++++ SUPPLIED INFORMATION ++++

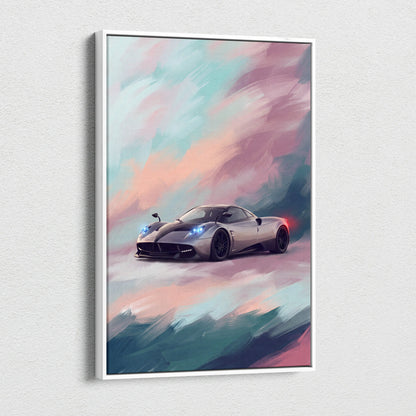 Pagani huayra inspired supercar canvas art featuring a sleek silver car with blue headlights and black rims in a white frame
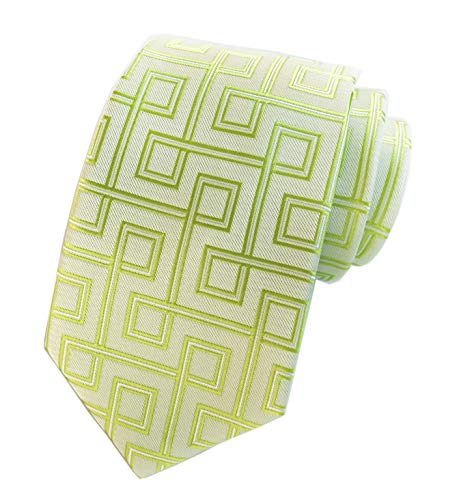 Elfeves Men's Green Woven Silk Tie Formal Maze Pattern Modern Styling Necktie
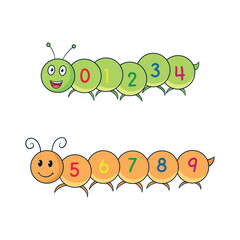 learn the numbers on the caterpillar body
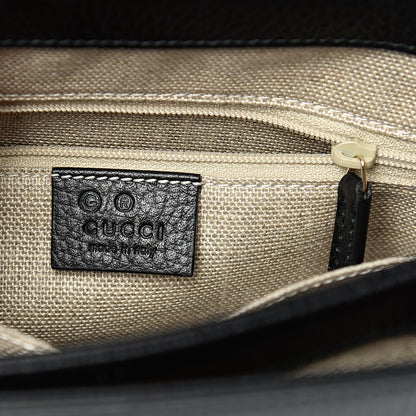 Gucci Dollar Calfskin Interlocking G Top Handle Shoulder Bag Black 5 of 10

++++

» WHAT YOU WILL DO:
The output must start at the line holding "Elfeves Men's Green", end at the last line of the listing above, and show each line exactly; please omit all pictures.

» RESULT:
 Elfeves Men's Green Woven Silk Tie Formal Maze Pattern Modern Styling Necktie
 learn the numbers on the caterpillar body
 Gucci Dollar Calfskin Interlocking G Top Handle Shoulder Bag Black 5 of 10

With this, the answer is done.